As a professor and the Department Chair of Public Health at Yale University, Jason Hockenberry’s wide-ranging research includes studying the interplay between cannabis liberalization policies and the opioid epidemic.
On the Plymouth case, he pointed out this was the first-ever documented overdose incident in the U.S. where marijuana was seized, collected, tested and found to be positive for fentanyl.
“This is a sentinel moment and that is probably why the police didn’t have a lot of information because [they] and the U.S. Drug Enforcement Administration is still trying to digest this,” Hockenberry said.
Like local first responders, the public health expert suspected most of the overdose cases related to marijuana came inadvertently.
“At some point, I would expect to see a seizure in the region where there are large quantities of things already cut [with fentanyl],” he added. “Otherwise it’s a cross-contamination story.”

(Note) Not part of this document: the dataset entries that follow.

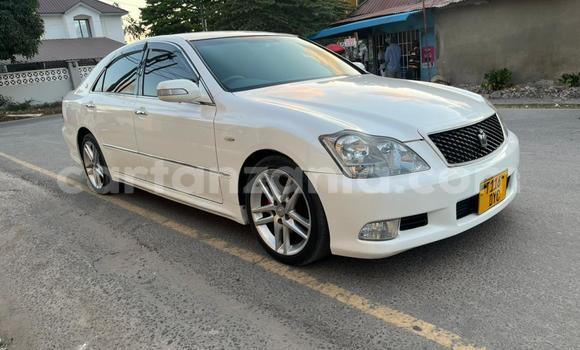 Buy Used Toyota Crown White Car in Dar es Salaam in Dar es Salaam Buy Used Toyota Crown White Car in Dar es Salaam in Dar es Salaam
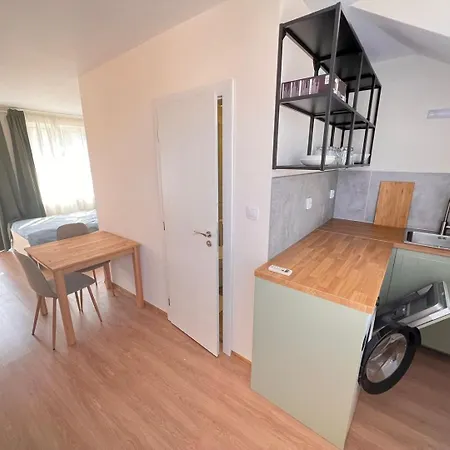 Апартаменти Sunny Nest Варна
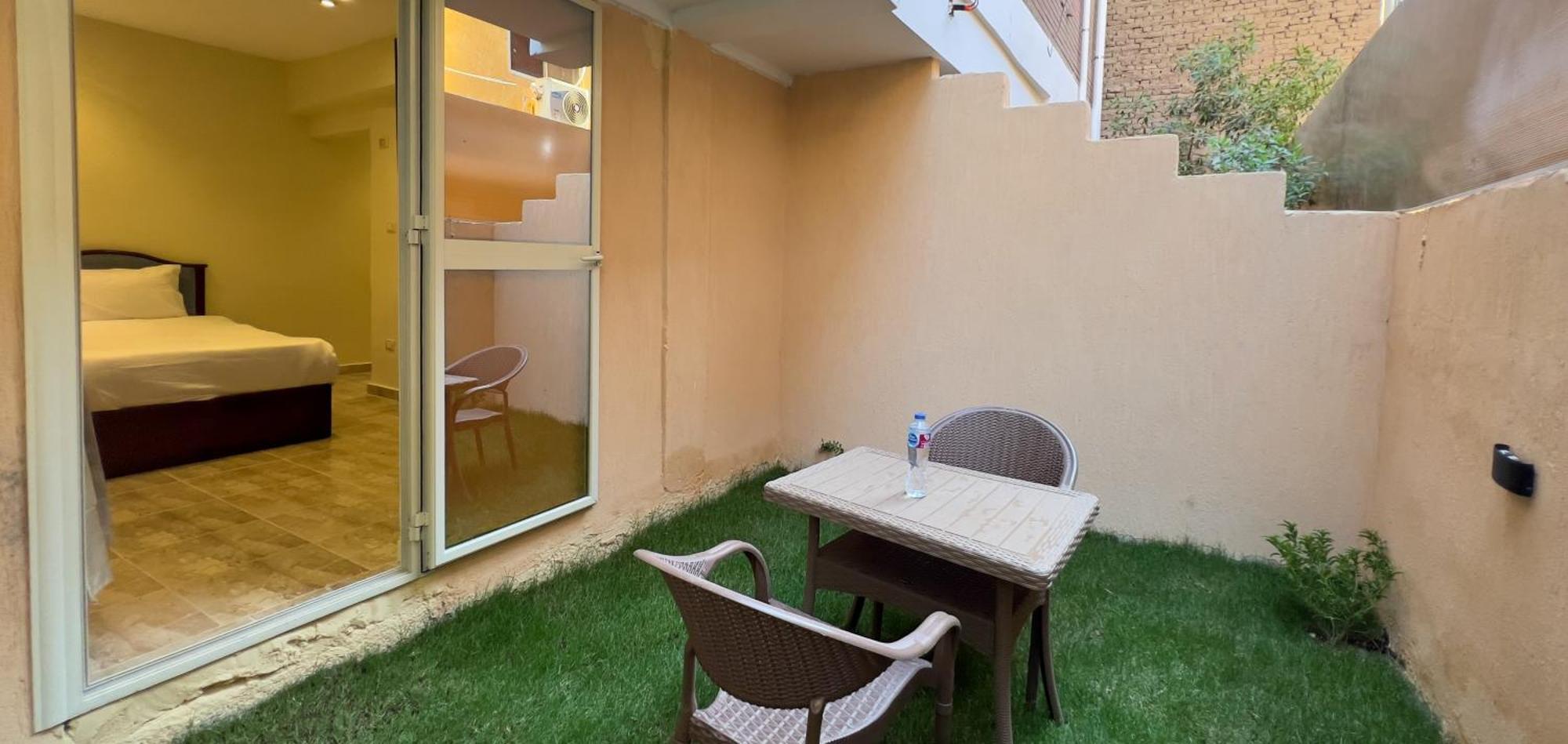 Pyramids Glory Inn Kafret el-Gabal エクステリア 写真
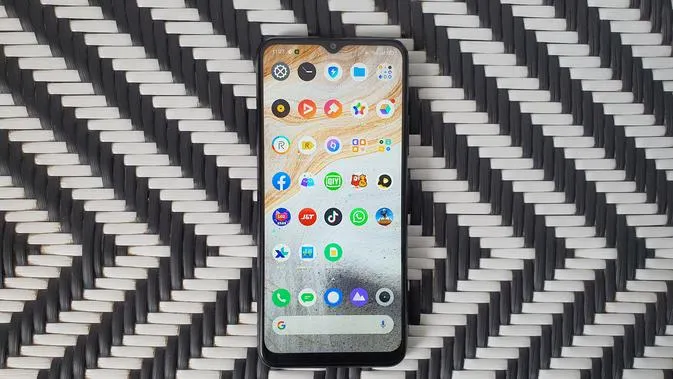 Забытый девайс Realme с огромной батареей отдают меньше чем за 10 тысяч рублей. На Joom избавляются от остатков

Though marijuana possession is legal in Connecticut, Hockenberry said it could be more than 18 months before the state sees its first recreational use sale, as public health officials, policy experts, lawmakers and members of law enforcement work together to set parameters and hammer out details over how the industry will operate.
“My sense is that when we get to a point where there are dispensaries in Connecticut and things are fully legal, most [marijuana] users are going to go to the dispensaries,” Hockenberry said.
That will cut down on unintentional substances in marijuana used by Connecticut residents.
“I would say it’s still going to be feasible and possible that you are still going to find these cases, but I can’t imagine it will be a big issue,” he added.